In my first post as leader of PwC’s Governance Insights Center, I talked about the new and unfamiliar risks businesses are facing. January added the latest wrinkle to a shareholder activist playbook we thought was fairly well established.
Sure, activists might consolidate a sizable chunk of your stock and then push the company to make operational or leadership changes. They might take a short position in your stock. Or, they might wage a proxy fight to replace members of the board. We’ve seen all of these tactics. But retail shareholders banding together on social media to aggressively drive up a company’s stock price in less than a month? And when the stock comes back to earth, the fall happens in under a week?
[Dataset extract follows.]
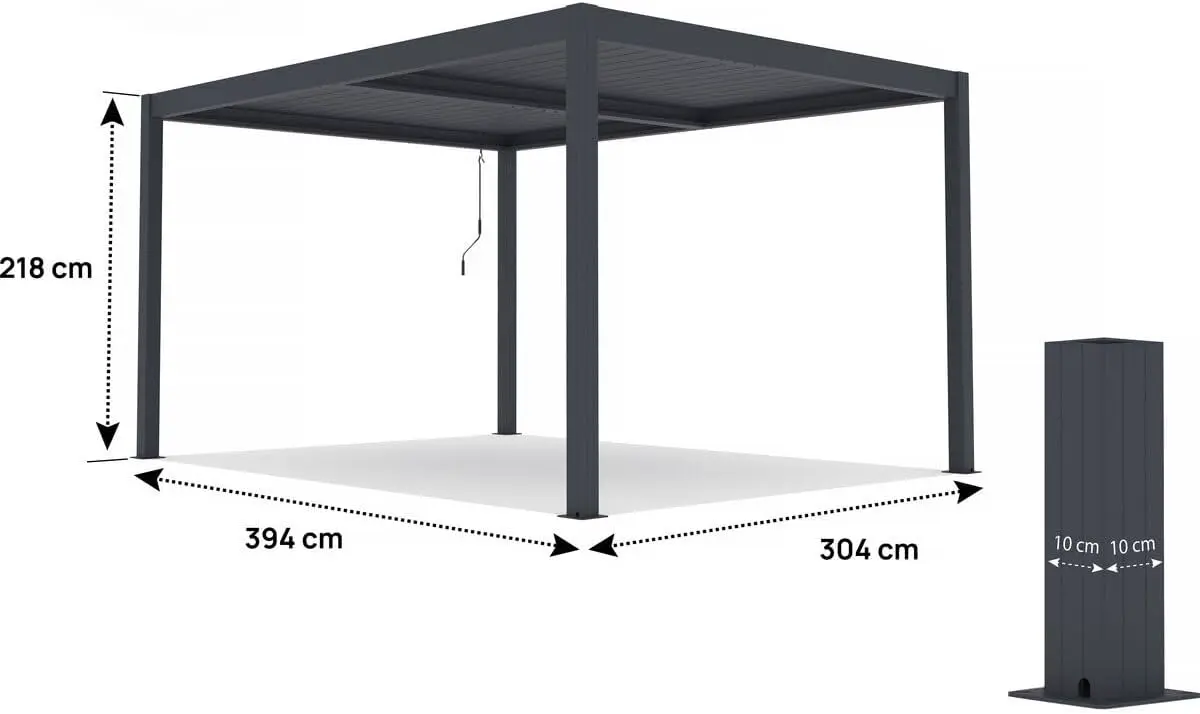 Pergola en aluminium anthracite 3 x 4 m vue 4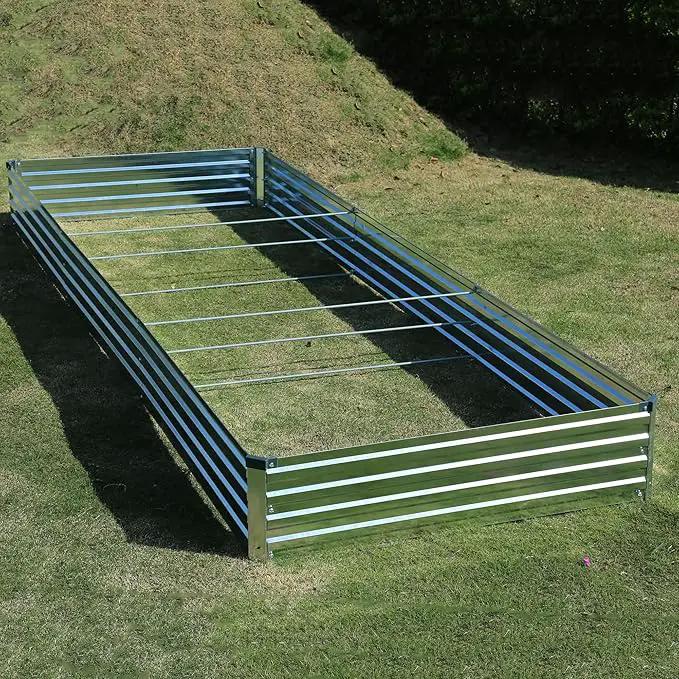 12x4x1ft Galvanized Raised Garden Bed,Outdoor Planter Box Metal Patio Kit Planting Bed for Vegetables Flowers Herb,Silver by GreenHaven Gardens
That’s a new one.
This trend may not be widely spreading through the markets just yet. But that doesn’t mean you should ignore it. Here’s a quick overview of what is happening and a look at what boards can do now: Actively monitor social media, evaluate your plans and policies with stock volatility in mind, and consider potential impacts on incentive compensation.
At the start of 2021, stock market watchers began to notice rapid increases in the stock price of a handful of consumer brands. The unusual activity was traced back to internet forums populated by retail investors. Chatter over the targeted stocks—many of them shorted by hedge funds—had gained momentum in December and then spread to broader social media. Trades went through the roof. The reach and the speed of the movement was remarkable.
Online brokers and trading apps struggled to keep up with the trading frenzy. Some apps even restricted stock activity, leading to calls from members of Congress for regulators to look into investor protections. Treasury Secretary Janet Yellen gathered regulators, including the SEC and the Federal Reserve, to discuss market volatility. As these groups grapple with what happened, the rest of the market realizes that it could easily happen again.
Could this kind of retail shareholder activism become common in 2021? That remains to be seen. But this activity has caught many by surprise. I would like to offer some suggestions that boards can take now to better prepare for unpredictable market volatility.
In particular, boards should also review the company’s 10b5-1 policy to understand the impact exponential stock gains—or losses—may have. These plans can allow company insiders to trade company stocks while complying with insider trading laws. The price, amount, and triggers are set in advance and determined by a formula or metrics. Take a close look at whether there are elements of your company’s policy that could be exploited in a volatile stock scenario.
If there’s anything I’ve learned from the past 12 months, it’s that there’s no predicting exactly what the next 12 months holds for us. But as with most unexpected events in the marketplace, this latest twist offers directors the opportunity to learn, adapt, and be even more prepared.